Selain mencokok para pelaku, polisi menyita barang bukti utama berupa satu buah celurit yang digunakan untuk membacok korban serta satu unit sepeda motor yang dipakai para pelaku saat beraksi.
Dudi menjelaskan, insiden berdarah ini dipicu oleh perselisihan paham antara dua kelompok pemuda saat menyaksikan konser musik. Kedua pihak diketahui tidak saling mengenal sebelumnya.
Cekcok yang bermula di area konser berlanjut di perjalanan ketika kelompok pelaku mengejar dan menghentikan kendaraan korban.
“Pihak lain menyusul, kemudian di tengah jalan diberhentikan sehingga terjadi perselisihan di situ,” jelas Dudi.
Di tengah jalan, perselisihan makin memanas hingga salah satu pelaku menarik celurit yang sengaja dibawanya dari rumah, lalu membacok kedua korban hingga menderita luka-luka.

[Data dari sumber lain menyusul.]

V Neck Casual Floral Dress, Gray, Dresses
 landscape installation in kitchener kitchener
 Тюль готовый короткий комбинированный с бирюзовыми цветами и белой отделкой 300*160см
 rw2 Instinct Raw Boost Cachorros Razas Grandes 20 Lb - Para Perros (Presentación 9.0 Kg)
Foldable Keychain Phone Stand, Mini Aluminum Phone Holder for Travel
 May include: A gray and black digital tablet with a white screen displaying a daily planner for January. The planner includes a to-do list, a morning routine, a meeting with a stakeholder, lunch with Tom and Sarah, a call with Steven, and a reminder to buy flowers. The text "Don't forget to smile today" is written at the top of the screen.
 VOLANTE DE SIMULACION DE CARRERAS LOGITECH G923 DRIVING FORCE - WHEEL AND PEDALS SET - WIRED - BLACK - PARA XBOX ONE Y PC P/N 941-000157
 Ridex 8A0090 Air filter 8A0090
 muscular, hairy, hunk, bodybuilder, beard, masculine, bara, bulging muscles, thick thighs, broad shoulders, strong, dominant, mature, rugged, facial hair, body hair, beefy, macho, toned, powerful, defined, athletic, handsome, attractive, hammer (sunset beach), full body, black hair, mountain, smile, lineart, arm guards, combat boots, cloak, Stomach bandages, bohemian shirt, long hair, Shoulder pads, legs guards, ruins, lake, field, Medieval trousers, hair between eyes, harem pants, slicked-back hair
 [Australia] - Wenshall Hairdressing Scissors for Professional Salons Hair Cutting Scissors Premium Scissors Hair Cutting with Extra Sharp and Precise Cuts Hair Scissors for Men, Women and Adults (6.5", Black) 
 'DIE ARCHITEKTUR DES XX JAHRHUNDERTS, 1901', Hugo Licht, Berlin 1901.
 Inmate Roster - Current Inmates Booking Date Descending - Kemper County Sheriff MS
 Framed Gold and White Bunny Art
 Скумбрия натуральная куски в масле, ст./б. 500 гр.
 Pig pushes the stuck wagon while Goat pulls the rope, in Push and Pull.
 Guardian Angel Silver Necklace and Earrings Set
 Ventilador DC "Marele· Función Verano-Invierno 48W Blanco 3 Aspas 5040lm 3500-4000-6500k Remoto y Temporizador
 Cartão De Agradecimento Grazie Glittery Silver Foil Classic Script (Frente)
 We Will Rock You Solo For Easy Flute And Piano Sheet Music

“Dan kemudian dari diduga pelaku ini ternyata membawa senjata tajam, salah seorang dari pelaku. Dan dari perselisihan tersebut salah satu pelaku langsung menggunakan senjata tersebut yang mengakibatkan dua korban mengalami luka bacok,” kata Dudi.
“Yang jelas itu sengaja (celurit) dibawa, sehingga pada saat kejadian otomatis sudah ada di dalam penguasaan si diduga pelaku,” tambahnya.
Menariknya, salah satu terduga pelaku sempat berupaya menghilangkan jejak ciri fisiknya usai melancarkan aksi pembacokan.
“Sementara keterangan awal seperti itu. Jadi tadi pagi pascakejadian, yang diduga berambut pirang itu sekarang sudah dicat kembali menjadi warna hitam,” ungkapnya.
Meski demikian, Dudi menegaskan bahwa penangkapan tidak hanya mengandalkan ciri fisik rambut, melainkan dari hasil penelusuran fakta lapangan, olah TKP, serta keterangan saksi-saksi kunci.
“Yang jelas kami memastikan identitas dari pihak-pihak terkait, sehingga kami mengamankan berdasarkan memang fakta-fakta, bukti-bukti yang kami kumpulkan dari hasil penelusuran lapangan dan saksi-saksi,” tandasnya.